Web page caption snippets
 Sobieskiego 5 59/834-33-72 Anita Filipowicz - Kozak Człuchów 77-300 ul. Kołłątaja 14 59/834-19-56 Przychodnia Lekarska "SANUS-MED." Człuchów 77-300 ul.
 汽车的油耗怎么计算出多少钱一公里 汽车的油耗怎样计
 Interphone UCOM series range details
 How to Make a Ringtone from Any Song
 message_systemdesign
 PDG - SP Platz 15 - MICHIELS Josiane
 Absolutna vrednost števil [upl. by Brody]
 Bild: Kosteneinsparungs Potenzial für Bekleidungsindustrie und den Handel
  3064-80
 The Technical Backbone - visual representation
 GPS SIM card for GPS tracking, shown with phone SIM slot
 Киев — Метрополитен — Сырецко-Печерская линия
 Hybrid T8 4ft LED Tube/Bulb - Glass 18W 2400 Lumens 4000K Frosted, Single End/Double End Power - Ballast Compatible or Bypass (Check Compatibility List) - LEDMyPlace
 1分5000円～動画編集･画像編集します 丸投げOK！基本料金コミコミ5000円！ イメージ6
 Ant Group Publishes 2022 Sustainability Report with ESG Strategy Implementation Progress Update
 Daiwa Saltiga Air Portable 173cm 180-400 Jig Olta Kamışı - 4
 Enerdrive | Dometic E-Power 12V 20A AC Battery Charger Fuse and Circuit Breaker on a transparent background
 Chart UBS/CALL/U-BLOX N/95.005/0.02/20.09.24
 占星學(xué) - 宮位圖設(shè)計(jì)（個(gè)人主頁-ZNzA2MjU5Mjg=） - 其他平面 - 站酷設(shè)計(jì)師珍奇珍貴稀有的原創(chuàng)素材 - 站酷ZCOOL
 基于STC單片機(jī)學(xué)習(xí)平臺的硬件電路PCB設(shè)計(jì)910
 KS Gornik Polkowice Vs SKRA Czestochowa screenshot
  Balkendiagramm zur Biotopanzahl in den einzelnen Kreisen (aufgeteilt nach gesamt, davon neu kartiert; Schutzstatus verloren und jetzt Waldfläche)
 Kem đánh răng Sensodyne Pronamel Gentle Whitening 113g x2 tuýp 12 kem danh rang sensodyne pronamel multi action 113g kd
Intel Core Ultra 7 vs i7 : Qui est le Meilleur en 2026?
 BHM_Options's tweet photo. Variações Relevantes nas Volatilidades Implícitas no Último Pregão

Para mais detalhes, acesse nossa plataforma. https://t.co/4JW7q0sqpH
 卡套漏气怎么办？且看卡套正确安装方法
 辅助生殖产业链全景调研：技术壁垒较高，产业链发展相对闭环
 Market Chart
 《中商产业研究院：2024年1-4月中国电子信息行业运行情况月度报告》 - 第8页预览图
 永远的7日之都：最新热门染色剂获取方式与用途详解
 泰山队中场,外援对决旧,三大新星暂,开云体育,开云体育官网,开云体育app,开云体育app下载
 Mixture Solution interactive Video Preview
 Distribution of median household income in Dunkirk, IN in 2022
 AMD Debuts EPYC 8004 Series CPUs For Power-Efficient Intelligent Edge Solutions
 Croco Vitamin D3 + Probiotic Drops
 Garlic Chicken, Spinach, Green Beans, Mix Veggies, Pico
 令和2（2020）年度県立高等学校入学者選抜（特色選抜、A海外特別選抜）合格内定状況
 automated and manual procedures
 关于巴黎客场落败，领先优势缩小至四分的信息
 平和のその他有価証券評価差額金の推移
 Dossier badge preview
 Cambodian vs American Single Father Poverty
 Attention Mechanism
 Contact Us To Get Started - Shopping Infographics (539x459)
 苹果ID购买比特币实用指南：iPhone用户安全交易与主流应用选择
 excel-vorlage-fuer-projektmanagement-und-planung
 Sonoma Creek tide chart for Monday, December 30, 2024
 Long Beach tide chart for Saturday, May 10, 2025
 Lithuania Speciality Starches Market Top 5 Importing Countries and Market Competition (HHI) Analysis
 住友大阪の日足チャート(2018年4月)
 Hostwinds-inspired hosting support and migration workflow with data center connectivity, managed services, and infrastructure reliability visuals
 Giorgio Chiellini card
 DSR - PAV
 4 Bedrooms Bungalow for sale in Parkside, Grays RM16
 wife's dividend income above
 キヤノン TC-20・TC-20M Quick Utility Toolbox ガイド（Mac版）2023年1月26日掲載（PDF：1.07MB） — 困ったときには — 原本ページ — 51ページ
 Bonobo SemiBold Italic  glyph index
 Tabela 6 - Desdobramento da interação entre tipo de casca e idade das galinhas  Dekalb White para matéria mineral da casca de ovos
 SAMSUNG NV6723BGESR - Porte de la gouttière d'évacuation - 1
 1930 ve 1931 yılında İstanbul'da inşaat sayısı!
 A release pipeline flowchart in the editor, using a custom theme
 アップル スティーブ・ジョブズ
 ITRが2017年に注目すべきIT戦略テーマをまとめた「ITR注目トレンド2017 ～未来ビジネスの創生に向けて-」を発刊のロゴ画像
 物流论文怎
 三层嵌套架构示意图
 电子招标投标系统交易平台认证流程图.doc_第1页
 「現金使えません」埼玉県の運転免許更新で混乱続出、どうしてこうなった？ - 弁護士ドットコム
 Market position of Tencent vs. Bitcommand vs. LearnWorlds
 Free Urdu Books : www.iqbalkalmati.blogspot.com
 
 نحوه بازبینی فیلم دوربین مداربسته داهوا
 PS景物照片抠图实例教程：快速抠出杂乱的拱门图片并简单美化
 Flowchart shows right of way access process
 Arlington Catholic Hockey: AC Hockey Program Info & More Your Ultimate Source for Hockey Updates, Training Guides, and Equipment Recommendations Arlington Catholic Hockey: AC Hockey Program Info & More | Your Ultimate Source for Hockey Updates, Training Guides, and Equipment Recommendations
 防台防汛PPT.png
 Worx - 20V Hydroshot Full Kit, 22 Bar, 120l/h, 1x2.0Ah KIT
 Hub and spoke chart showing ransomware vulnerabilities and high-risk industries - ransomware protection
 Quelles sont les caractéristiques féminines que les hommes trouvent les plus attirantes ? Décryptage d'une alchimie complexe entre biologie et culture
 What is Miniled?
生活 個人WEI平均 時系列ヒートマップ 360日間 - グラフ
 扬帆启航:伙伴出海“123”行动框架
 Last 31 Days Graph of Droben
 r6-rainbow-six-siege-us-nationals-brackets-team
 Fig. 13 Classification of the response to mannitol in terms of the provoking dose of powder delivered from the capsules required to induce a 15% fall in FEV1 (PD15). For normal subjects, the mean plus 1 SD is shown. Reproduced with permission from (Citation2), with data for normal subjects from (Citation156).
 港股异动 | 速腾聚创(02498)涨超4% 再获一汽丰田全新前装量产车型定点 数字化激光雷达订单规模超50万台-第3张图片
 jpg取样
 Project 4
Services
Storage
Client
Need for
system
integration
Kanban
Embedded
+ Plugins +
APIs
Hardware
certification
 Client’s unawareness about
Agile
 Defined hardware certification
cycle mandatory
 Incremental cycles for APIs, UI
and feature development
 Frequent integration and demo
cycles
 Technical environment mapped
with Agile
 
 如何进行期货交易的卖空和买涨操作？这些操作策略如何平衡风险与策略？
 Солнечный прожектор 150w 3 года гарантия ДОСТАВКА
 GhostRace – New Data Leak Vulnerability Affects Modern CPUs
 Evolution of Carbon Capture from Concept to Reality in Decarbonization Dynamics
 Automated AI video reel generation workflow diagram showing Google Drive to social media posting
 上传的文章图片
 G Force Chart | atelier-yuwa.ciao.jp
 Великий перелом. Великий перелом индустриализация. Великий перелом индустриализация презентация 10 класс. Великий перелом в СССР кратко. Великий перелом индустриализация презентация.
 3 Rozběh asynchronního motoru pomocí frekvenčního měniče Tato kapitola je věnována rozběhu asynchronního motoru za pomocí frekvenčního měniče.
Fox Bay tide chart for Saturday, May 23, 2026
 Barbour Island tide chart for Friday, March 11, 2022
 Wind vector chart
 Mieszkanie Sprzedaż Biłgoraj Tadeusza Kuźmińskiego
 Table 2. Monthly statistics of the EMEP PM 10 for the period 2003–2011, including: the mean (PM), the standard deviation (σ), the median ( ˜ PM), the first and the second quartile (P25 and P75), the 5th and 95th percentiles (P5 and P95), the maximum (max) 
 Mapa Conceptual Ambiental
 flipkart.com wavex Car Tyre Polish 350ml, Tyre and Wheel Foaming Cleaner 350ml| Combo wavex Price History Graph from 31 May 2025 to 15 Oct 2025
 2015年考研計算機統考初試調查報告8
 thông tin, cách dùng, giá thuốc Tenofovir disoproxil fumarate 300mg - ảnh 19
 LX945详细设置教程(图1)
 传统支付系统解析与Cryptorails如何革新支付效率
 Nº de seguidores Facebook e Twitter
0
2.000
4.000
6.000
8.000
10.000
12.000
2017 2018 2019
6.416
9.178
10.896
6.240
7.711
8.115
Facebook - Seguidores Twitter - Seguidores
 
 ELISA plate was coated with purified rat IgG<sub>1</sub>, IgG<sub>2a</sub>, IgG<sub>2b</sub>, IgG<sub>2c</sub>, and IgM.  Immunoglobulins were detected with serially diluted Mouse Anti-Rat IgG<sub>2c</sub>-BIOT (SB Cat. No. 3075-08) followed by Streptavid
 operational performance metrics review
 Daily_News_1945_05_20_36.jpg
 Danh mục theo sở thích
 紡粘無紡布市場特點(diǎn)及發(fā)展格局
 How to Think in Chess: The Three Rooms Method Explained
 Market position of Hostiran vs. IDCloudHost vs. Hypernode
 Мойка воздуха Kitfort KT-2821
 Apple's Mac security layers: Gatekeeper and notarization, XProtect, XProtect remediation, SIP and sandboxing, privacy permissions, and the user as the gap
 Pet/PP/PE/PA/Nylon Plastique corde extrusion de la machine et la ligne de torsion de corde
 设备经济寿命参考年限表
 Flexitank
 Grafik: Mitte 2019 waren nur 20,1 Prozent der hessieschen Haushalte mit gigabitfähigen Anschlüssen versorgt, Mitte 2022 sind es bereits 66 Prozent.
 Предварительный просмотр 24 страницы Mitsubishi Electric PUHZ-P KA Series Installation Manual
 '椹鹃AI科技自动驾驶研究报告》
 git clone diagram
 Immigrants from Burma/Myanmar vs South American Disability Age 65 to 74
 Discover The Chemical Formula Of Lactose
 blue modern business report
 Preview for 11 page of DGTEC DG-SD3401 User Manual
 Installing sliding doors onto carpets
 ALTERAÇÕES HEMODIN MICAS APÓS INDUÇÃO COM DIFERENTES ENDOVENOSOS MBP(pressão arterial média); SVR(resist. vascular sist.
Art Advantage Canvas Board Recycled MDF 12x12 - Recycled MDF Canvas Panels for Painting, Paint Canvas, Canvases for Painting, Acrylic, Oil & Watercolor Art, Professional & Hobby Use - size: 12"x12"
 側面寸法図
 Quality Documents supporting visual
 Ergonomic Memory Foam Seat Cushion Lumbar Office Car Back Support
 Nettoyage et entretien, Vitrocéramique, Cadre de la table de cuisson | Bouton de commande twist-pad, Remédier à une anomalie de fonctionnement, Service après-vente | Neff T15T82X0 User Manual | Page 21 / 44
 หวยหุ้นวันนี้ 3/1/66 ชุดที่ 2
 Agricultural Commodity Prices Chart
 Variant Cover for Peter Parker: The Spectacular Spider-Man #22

→ **TO DO**
What lines hold the string "Saturday"? Pick them out of the data.

→ **ANSWER BOX**
 Long Beach tide chart for Saturday, May 10, 2025
Fox Bay tide chart for Saturday, May 23, 2026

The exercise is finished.